[SOLVED] pulumi up is not using the defined quota project to apply changes

pulumi up is not using the defined quota project to apply changes

Using pulumi to define a SecurityProfile in GCP (org-level object), I have:

    const globalSecurityPolicy = new gcp.networksecurity.SecurityProfile(
      'default-sp',
      {
        name: `${args.name}-sp`,
        parent: parentOrg,
        location: args.region,
        labels,
        description: '...description...',
        type: args.type ?? 'THREAT_PREVENTION',
      },
      { parent: this }
    );

When trying to pulumi up I run into:

gcp:networksecurity:SecurityProfile (default-sp): error: sdk-v2/provider2.go:572: sdk.helper_schema: 
Error creating SecurityProfile: googleapi: Error 403: Your application is authenticating by using local Application Default Credentials. 
The networksecurity.googleapis.com API requires a quota project, which is not set by default.
To learn how to set your quota project, see https://cloud.google.com/docs/authentication/adc-troubleshooting/user-creds.
Details: [ { "@type": "type.googleapis.com/google.rpc.ErrorInfo", "domain": "googleapis.com", 
"metadata": { "consumer": "projects/764086051850", "service": "networksecurity.googleapis.com" }, "reason": "SERVICE_DISABLED" },
{ "@type": "type.googleapis.com/google.rpc.LocalizedMessage", "locale": "en-US", 
"message": "Your application is authenticating by using local Application Default Credentials. The networksecurity.googleapis.com API requires a quota project, which is not set by default. To learn how to set your quota project, see https://cloud.google.com/docs/authentication/adc-troubleshooting/user-creds ." } ]:
 provider=google-beta@8.38.0 error: 1 error occurred: * Error creating SecurityProfile: googleapi:
Error 403: Your application is authenticating by using local Application Default Credentials.
The networksecurity.googleapis.com API requires a quota project, which is not set by default. To learn how to set your quota project, see https://cloud.google.com/docs/authentication/adc-troubleshooting/user-creds . Details: [ { "@type": "type.googleapis.com/google.rpc.ErrorInfo", "domain": "googleapis.com", "metadata": { "consumer": "projects/764086051850", "service": "networksecurity.googleapis.com" }, "reason": "SERVICE_DISABLED" }, { "@type": "type.googleapis.com/google.rpc.LocalizedMessage", "locale": "en-US", "message": "Your application is authenticating by using local Application Default Credentials. The networksecurity.googleapis.com API requires a quota project, which is not set by default.
To learn how to set your quota project, see https://cloud.google.com/docs/authentication/adc-troubleshooting/user-creds ." } ]
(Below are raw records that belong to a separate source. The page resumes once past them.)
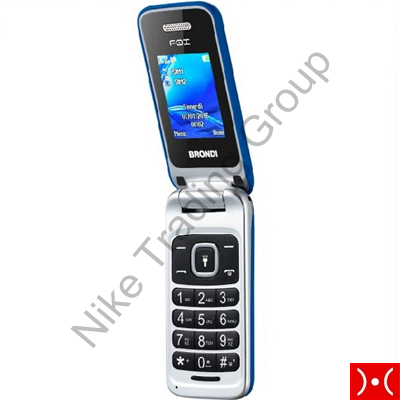 Brondi Feature Phone Fox Azzurro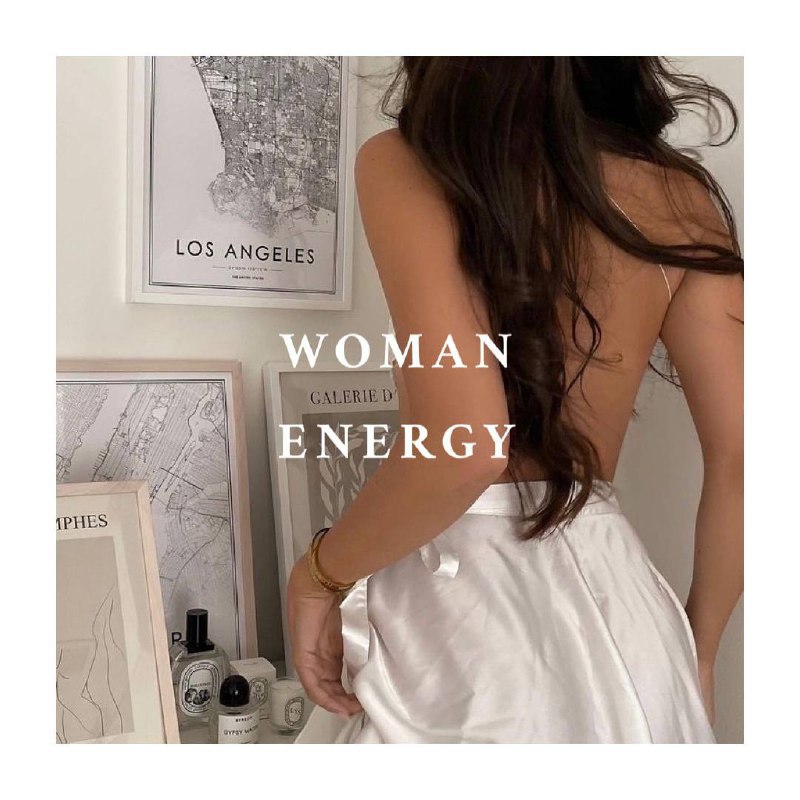 Плейлист «WOMAN ENERGY»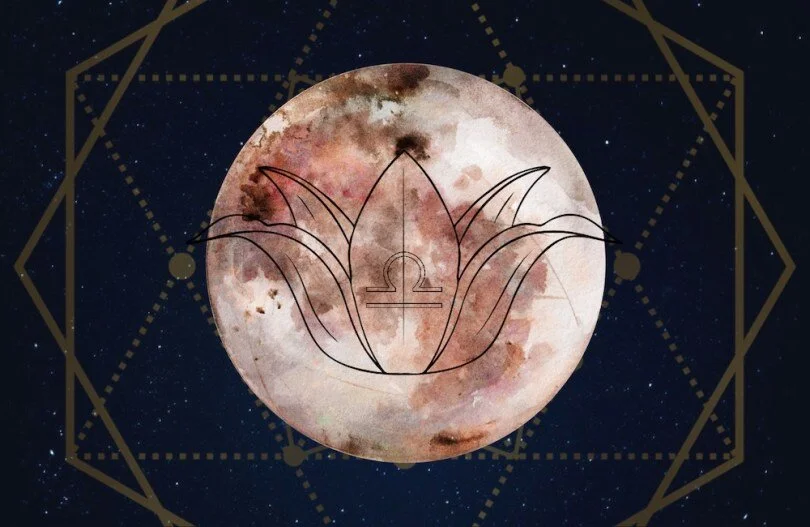 Libra SUPER Pink Full Moon VIRTUAL Ceremony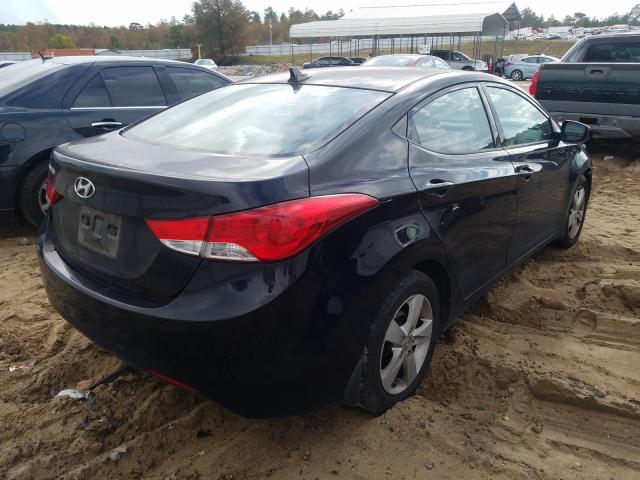 Photo 3 VIN: KMHDH4AE2DU797633 - HYUNDAI ELANTRA GL 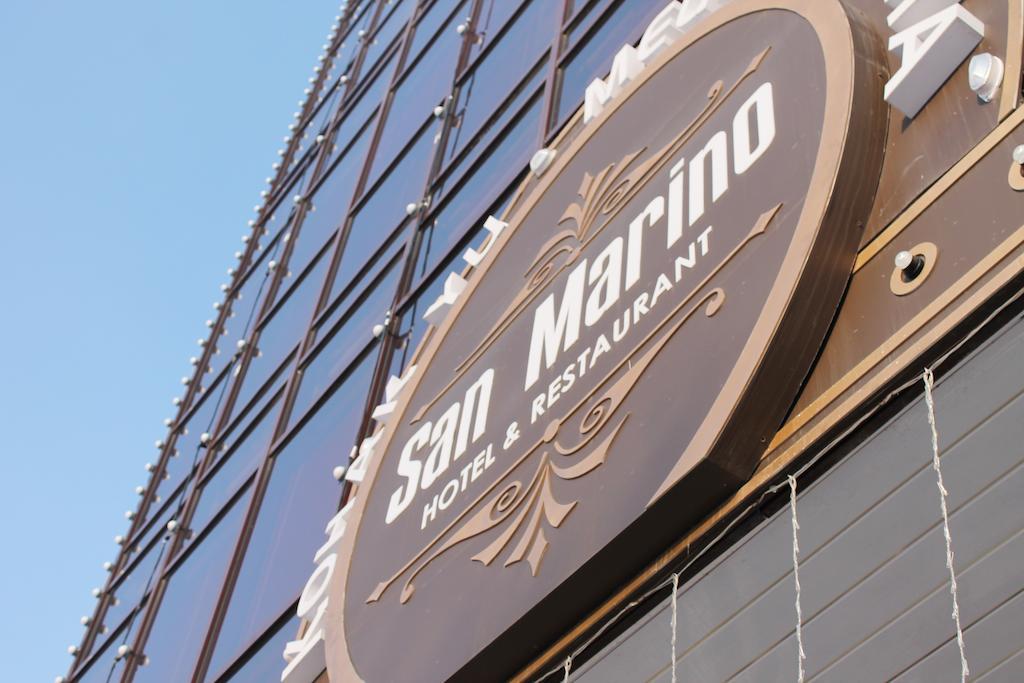 San Marino Hotel Astana Exterior foto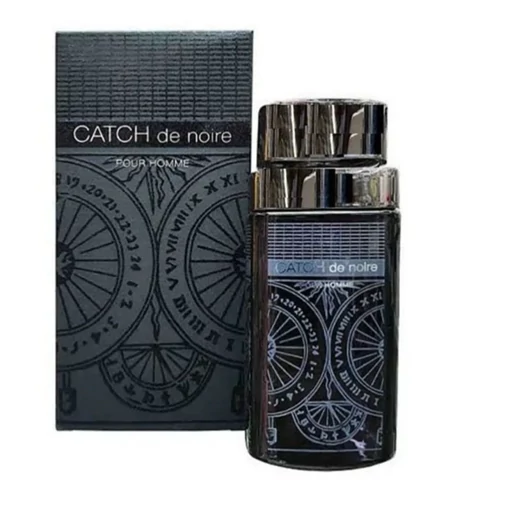 99MxfQyRxDUdHobCSmxSeZEG8hOMqpmb2eMa3TJdGNtPRe4QZY.jpg_512X512X70.jpg ادوپرفیوم مردانه مدل Catch De Noir حجم 100 میل فراگرنس - تصویر 1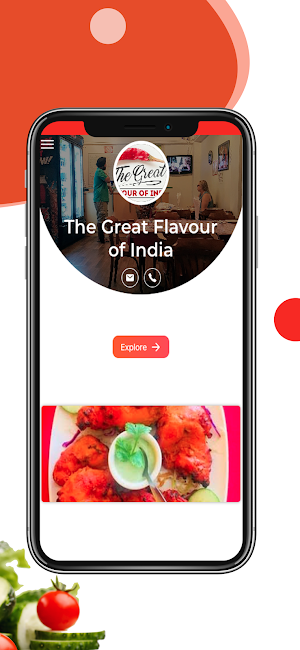 The Great Flavour of India Screenshot 1
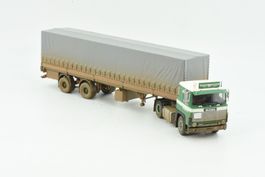 1:50 Tekno Scania 111 "Brunner" verschmutzt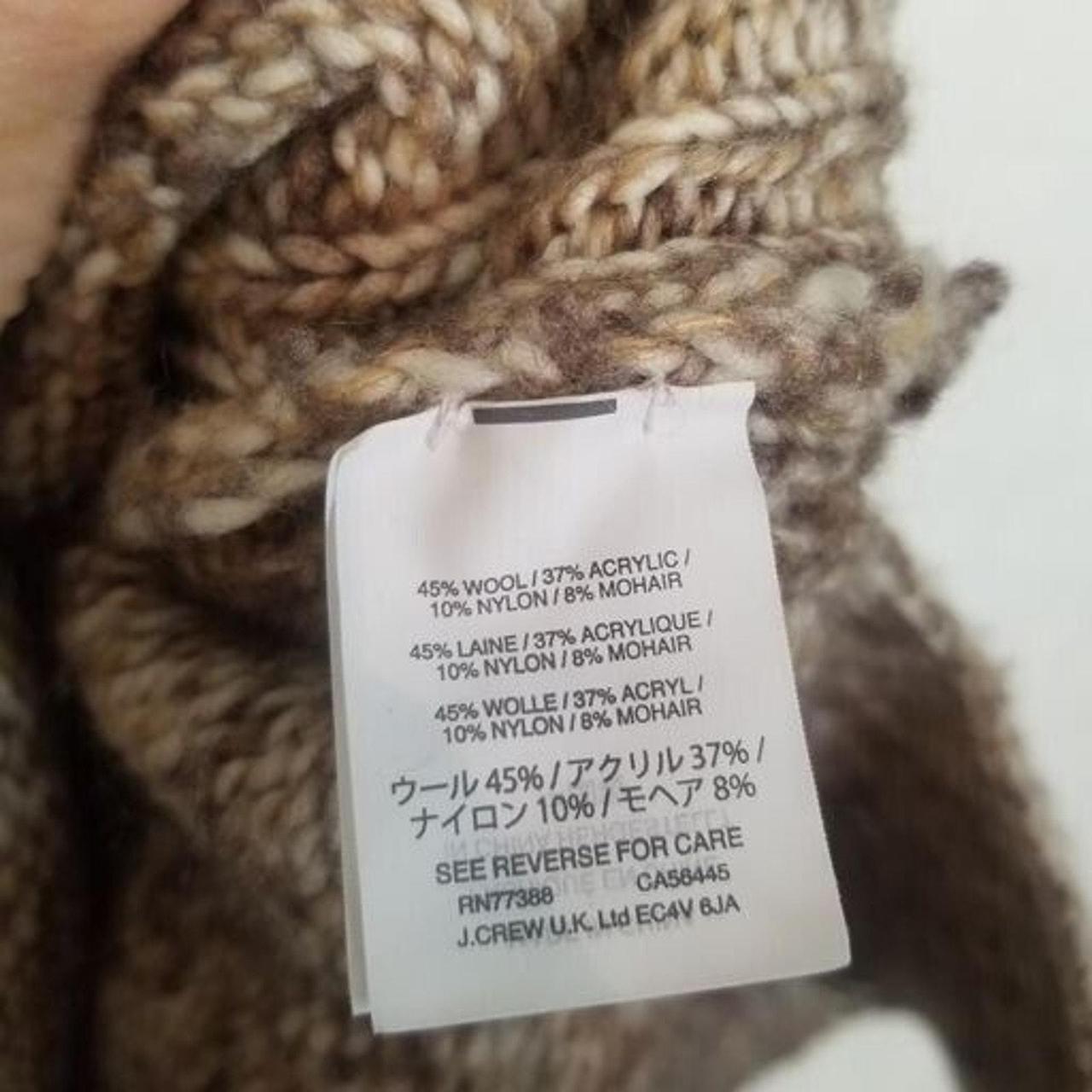 J.Crew Women's Sweater - Tan - XXS – Great pre-ow… - image 7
Per the referenced docs, I tried (unsuccessfully):

confirmed that the APIs in question were enabled in the project specified by gcloud config set billing/quota_project
ran gcloud auth application-default set-quota-project YOUR_PROJECT, and
ran gcloud config set billing/quota_project YOUR_PROJECT, none of which helped.

Solution

In the end (TYVM to Google support for suggesting this) an export GOOGLE_CLOUD_QUOTA_PROJECT=<project_ID> was the ticket to get the correct project to be used.

NOTE: at first use, I was getting [different] permission errors, but that was a quirk of how we use various projects internally.